Can You Pay One Credit Card Bill With Another Credit Card?
It seems like a simple idea: use one card to cover another card’s bill. Most issuers have deliberately closed that door, though a few indirect paths still exist.
The short answer
Credit card issuers generally do not allow a card payment to be made directly with another credit card. Card networks and issuers treat this as a restricted transaction type, largely to avoid cardholders shifting debt between revolving accounts without actually reducing it. Some workaround methods exist through third-party services, but they typically come with their own fees and tradeoffs.
Why issuers block this directly
If direct card-to-card payments were common, debt could simply move in a circle between accounts, generating fees and interest along the way without ever being paid down. Payment processors and card networks generally classify a credit card used to pay another credit card as a type of transaction they don’t support through standard payment channels, which is part of why the option doesn’t show up as a payment method on most issuer websites or apps.
What people sometimes do instead
- A cash advance. Some cardholders withdraw a cash advance from one card and use that cash to pay another, but cash advances usually come with a separate, often higher interest rate that starts accruing immediately, with no grace period.
- A balance transfer. A balance transfer moves an existing balance from one card to another, which is a more direct and often cheaper way to consolidate debt than trying to make a payment transaction between two cards.

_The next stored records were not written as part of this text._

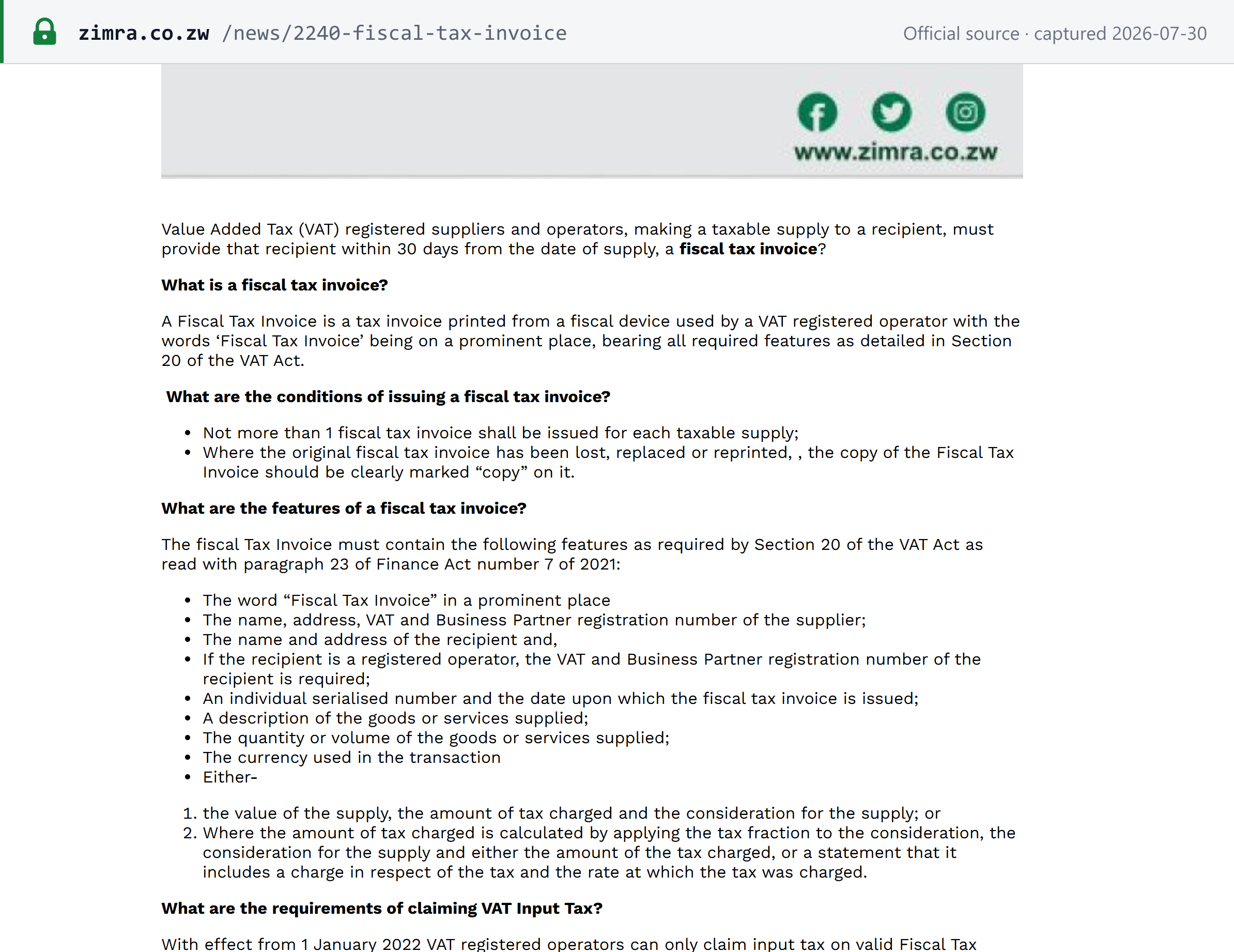 Source snapshot — ZIMRA setting out the conditions for issuing a fiscal tax invoice, the 30-day deadline, and the full list of features required by section 20 of the VAT Act read with paragraph 23 of Finance Act number 7 of 2021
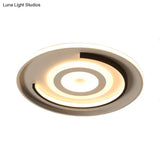 Round Led Acrylic Flush Mount Ceiling Lamp - 18’/21.5’ Diameter Warm/White Light Contemporary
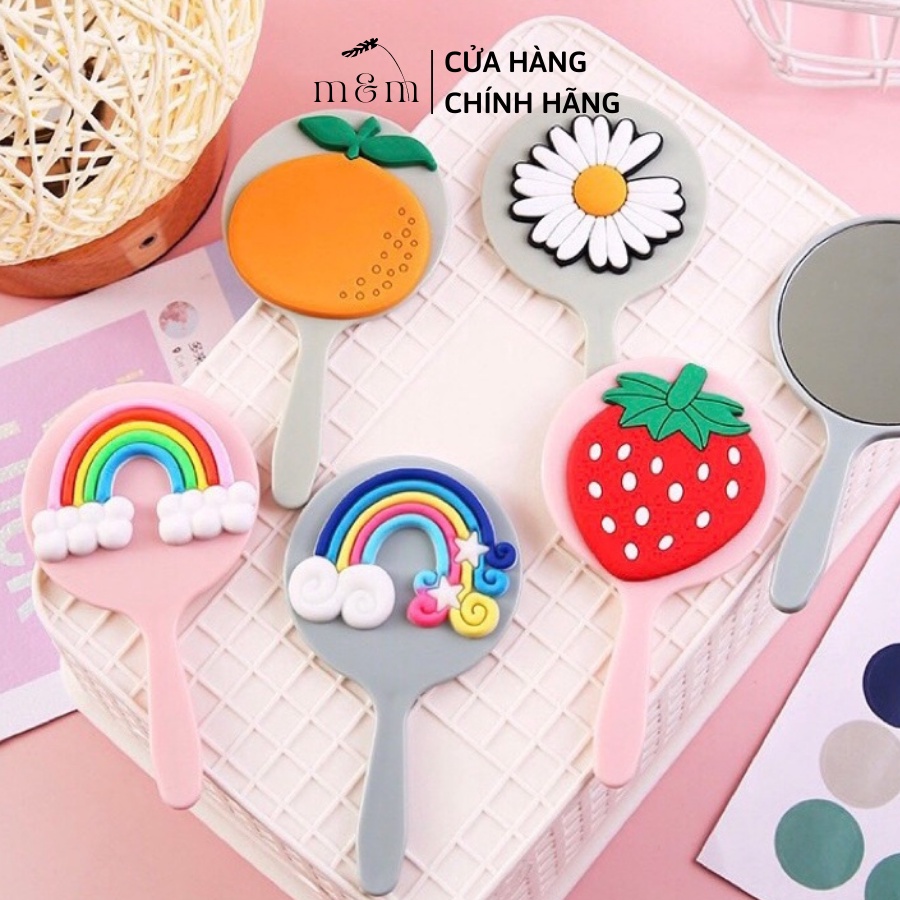 Gương Mini Cầm Tay Di Động, Soi Mặt, Bỏ Túi Tiện Lợi, Phong Cách Vintage, Gưong Trang Điểm Xinh Xắn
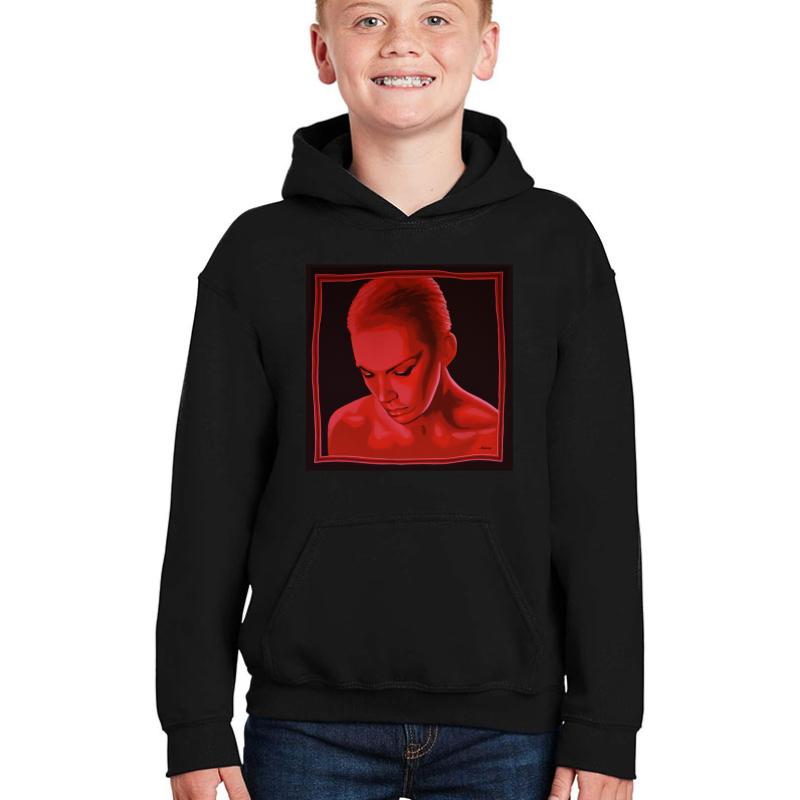 Annie Lennox Painting Youth Hooded Sweatshirt Boy Black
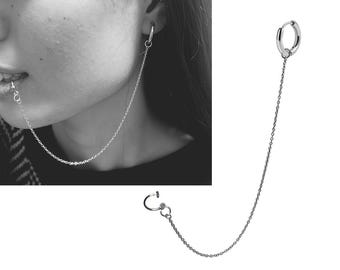 Chain Piercing Without HOLE CHAIN EARRING Fake fake earring Lip Ear Cuff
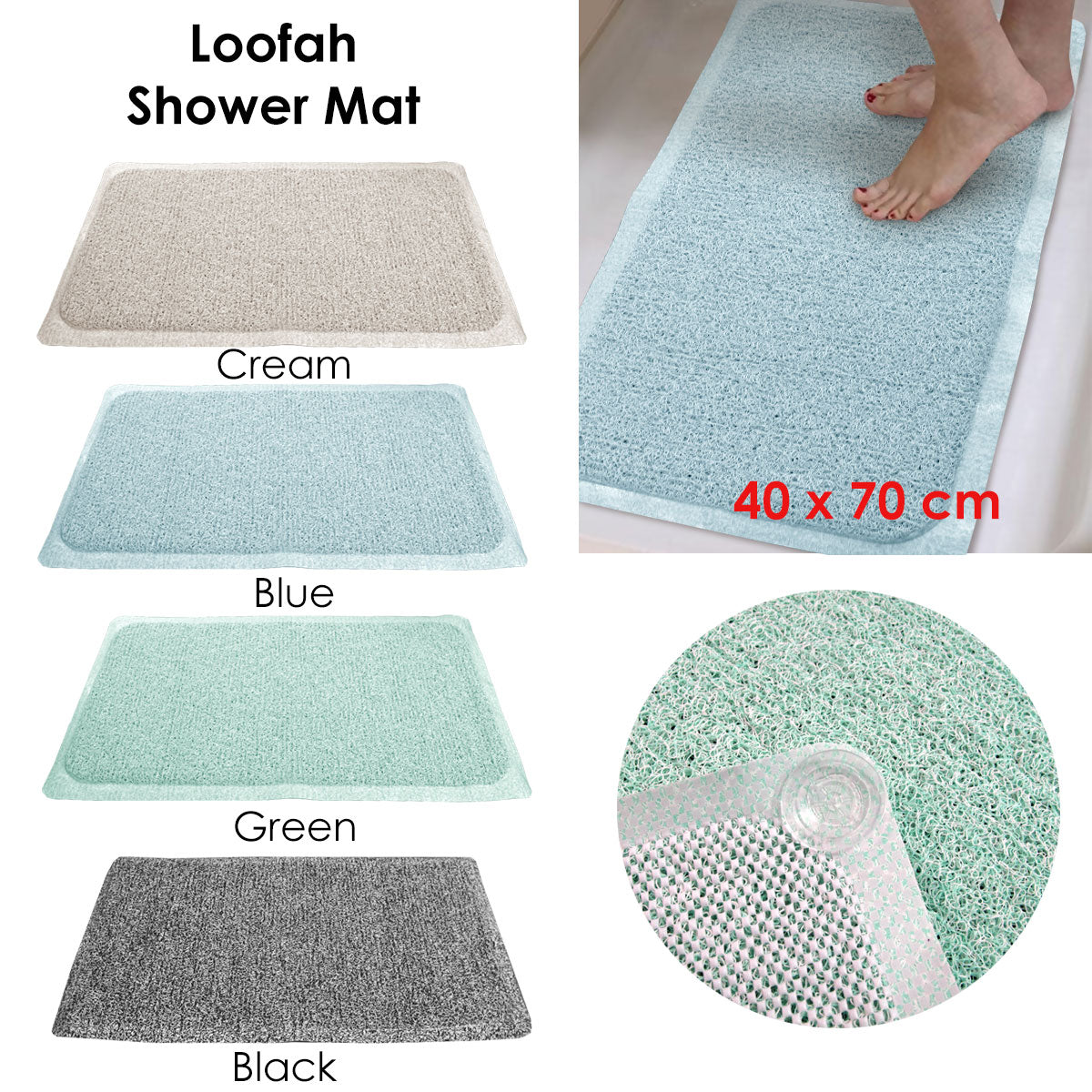 Loofah Shower Mat Blue - 0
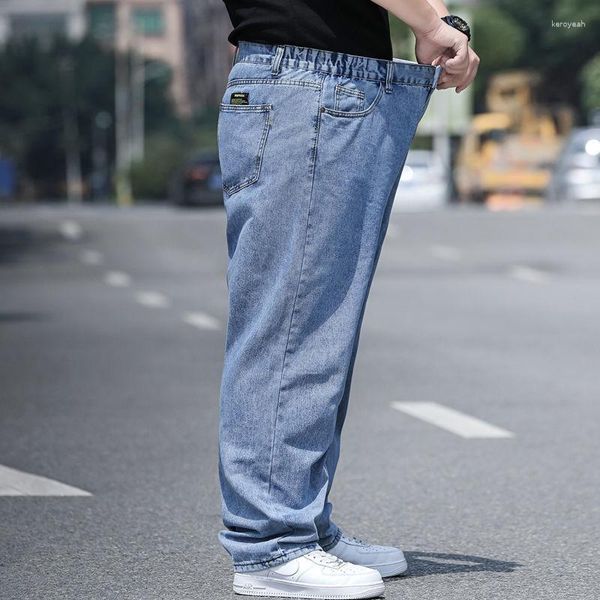 Jeans Masculino Oversize Roupas Soltas 10XL Cintura Elástica Calças Jeans Plus Size 48 Algodão Calças Retas Masculino Streetwear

- A third-party payment service. Certain services allow a credit card to fund a payment that’s then sent to another creditor, but these typically charge a processing fee, which adds cost for the convenience.
Weighing the alternatives
Each workaround shifts debt rather than eliminating it, so the real question is usually about cost and structure rather than convenience. A cash advance tends to be the most expensive route given its fees and immediate interest, while a balance transfer is often the more deliberate option when the goal is genuinely consolidating debt onto one card, sometimes compared against a personal loan used for the same purpose.
Why this matters beyond just the mechanics
Moving debt between cards doesn’t reduce what’s owed — it just changes which account holds it and what interest rate applies going forward. Anyone considering one of these workarounds is generally better served by comparing the total cost of fees and interest across options rather than assuming any of them functions like a normal bill payment. It also helps to think about why the money is short in the first place, since a workaround that just relocates a balance doesn’t address the underlying gap between spending and available cash.
What to weigh
Because a direct card-to-card payment isn’t typically available, understanding the real alternatives — and their added costs — matters more than the mechanics of “can it be done.” A cash advance, a balance transfer, or a third-party service can each move a balance in a similar direction, but none of them is free, and the details of fees and interest depend heavily on the specific cards and services involved.